SIG: Speaker Identification in Literature via Prompt-Based Generation
- URL: http://arxiv.org/abs/2312.14590v2
- Date: Mon, 19 Feb 2024 09:25:44 GMT
- Title: SIG: Speaker Identification in Literature via Prompt-Based Generation
- Authors: Zhenlin Su, Liyan Xu, Jin Xu, Jiangnan Li, Mingdu Huangfu
- Abstract summary: We propose a generation-based method that verbalizes the task and quotation input based on designed prompt templates.
The prediction can either come from direct generation by the model, or be determined by the highest generation probability of each speaker candidate.
We perform both cross-domain evaluation and in-domain evaluation on PDNC, the largest dataset of this task.
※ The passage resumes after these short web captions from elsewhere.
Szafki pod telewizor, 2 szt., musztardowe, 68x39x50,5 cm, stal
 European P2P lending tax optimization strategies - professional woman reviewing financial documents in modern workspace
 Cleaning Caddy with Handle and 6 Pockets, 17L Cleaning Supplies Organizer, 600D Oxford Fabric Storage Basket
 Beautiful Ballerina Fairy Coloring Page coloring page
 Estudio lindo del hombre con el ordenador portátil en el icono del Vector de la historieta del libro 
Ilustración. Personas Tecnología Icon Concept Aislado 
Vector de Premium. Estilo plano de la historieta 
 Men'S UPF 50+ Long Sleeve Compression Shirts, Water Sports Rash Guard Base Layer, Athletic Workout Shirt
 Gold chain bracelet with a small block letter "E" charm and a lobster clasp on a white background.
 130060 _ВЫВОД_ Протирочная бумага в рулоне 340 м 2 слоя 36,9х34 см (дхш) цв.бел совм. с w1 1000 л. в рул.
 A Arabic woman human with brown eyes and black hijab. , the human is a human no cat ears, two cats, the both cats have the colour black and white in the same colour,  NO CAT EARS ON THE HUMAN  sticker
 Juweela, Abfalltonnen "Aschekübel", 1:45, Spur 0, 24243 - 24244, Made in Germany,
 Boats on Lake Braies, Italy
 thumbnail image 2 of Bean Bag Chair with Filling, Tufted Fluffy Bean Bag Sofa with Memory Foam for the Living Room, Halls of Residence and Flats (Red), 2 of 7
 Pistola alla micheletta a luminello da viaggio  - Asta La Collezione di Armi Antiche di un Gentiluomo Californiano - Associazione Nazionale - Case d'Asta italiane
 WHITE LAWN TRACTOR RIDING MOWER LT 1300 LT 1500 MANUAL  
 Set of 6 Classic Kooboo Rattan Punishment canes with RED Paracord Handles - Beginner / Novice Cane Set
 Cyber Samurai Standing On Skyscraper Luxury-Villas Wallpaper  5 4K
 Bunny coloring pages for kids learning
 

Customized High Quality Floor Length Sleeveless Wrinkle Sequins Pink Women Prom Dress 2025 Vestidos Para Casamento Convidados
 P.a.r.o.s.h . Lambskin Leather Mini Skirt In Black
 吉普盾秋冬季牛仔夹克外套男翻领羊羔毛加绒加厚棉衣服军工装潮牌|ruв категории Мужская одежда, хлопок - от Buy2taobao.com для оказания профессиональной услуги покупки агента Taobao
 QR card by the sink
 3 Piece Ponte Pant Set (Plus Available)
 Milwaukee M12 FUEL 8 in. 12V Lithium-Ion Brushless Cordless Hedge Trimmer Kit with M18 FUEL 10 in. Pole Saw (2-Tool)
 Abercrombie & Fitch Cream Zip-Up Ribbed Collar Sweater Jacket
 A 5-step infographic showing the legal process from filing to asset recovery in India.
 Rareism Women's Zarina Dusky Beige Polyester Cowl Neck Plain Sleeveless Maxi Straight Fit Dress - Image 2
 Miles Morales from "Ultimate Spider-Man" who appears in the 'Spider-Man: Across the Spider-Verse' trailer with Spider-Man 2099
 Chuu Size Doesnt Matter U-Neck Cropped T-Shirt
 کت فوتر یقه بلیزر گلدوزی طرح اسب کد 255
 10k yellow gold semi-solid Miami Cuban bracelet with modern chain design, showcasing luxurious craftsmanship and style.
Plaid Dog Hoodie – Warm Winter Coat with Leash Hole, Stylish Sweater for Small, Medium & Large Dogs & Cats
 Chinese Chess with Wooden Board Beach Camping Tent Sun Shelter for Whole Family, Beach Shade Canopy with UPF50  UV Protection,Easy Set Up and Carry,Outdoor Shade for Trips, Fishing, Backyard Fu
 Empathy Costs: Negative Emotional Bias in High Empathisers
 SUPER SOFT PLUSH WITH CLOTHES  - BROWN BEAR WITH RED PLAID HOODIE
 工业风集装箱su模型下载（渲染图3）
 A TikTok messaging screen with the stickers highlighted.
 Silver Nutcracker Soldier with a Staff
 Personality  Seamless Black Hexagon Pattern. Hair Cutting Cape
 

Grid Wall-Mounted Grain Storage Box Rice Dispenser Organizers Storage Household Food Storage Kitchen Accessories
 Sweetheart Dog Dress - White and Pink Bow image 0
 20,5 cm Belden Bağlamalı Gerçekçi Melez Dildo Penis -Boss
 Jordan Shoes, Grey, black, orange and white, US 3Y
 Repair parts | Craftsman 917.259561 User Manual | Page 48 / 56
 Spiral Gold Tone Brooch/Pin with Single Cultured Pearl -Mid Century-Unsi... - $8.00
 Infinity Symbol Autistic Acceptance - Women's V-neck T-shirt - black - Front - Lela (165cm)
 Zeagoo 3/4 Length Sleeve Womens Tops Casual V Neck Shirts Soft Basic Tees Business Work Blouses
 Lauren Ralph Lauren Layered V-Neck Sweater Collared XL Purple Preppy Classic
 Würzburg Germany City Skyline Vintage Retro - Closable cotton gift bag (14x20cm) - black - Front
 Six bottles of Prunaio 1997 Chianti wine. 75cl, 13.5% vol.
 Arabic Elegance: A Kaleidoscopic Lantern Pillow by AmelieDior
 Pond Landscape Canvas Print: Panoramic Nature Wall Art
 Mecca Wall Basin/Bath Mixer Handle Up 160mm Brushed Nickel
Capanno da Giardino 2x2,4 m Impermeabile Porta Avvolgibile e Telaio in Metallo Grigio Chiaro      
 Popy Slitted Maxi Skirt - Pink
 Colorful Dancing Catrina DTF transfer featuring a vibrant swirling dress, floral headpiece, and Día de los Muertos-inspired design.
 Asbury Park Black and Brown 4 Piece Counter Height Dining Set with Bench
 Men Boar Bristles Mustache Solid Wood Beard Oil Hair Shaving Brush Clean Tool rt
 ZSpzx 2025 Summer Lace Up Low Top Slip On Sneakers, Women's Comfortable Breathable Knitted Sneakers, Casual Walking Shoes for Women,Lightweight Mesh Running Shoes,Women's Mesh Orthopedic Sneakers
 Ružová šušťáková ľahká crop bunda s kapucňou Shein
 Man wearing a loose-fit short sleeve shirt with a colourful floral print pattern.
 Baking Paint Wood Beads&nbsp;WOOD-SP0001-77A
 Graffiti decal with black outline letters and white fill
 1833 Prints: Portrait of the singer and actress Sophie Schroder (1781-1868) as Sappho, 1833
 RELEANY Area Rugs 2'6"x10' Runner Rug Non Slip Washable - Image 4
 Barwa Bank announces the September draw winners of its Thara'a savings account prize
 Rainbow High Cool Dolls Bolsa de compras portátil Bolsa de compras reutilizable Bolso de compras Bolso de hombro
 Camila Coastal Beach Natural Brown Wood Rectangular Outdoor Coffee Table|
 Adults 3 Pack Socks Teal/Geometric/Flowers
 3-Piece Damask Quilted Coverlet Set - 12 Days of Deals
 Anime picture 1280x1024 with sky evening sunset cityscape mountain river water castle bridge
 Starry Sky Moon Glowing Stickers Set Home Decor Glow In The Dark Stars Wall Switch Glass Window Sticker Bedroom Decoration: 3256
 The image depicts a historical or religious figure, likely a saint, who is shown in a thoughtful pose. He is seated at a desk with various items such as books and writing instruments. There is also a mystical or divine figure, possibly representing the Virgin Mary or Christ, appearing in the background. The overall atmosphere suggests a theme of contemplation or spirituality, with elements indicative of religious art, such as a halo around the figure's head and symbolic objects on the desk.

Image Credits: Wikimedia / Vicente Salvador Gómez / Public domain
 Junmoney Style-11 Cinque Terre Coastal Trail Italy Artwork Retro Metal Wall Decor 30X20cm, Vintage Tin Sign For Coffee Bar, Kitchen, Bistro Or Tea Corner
- Score: 13.042070464592374
- License: http://arxiv.org/licenses/nonexclusive-distrib/1.0/
- Abstract: Identifying speakers of quotations in narratives is an important task in
literary analysis, with challenging scenarios including the out-of-domain
inference for unseen speakers, and non-explicit cases where there are no
speaker mentions in surrounding context. In this work, we propose a simple and
effective approach SIG, a generation-based method that verbalizes the task and
quotation input based on designed prompt templates, which also enables easy
integration of other auxiliary tasks that further bolster the speaker
identification performance. The prediction can either come from direct
generation by the model, or be determined by the highest generation probability
of each speaker candidate. Based on our approach design, SIG supports
out-of-domain evaluation, and achieves open-world classification paradigm that
is able to accept any forms of candidate input. We perform both cross-domain
evaluation and in-domain evaluation on PDNC, the largest dataset of this task,
where empirical results suggest that SIG outperforms previous baselines of
complicated designs, as well as the zero-shot ChatGPT, especially excelling at
those hard non-explicit scenarios by up to 17% improvement. Additional
experiments on another dataset WP further corroborate the efficacy of SIG.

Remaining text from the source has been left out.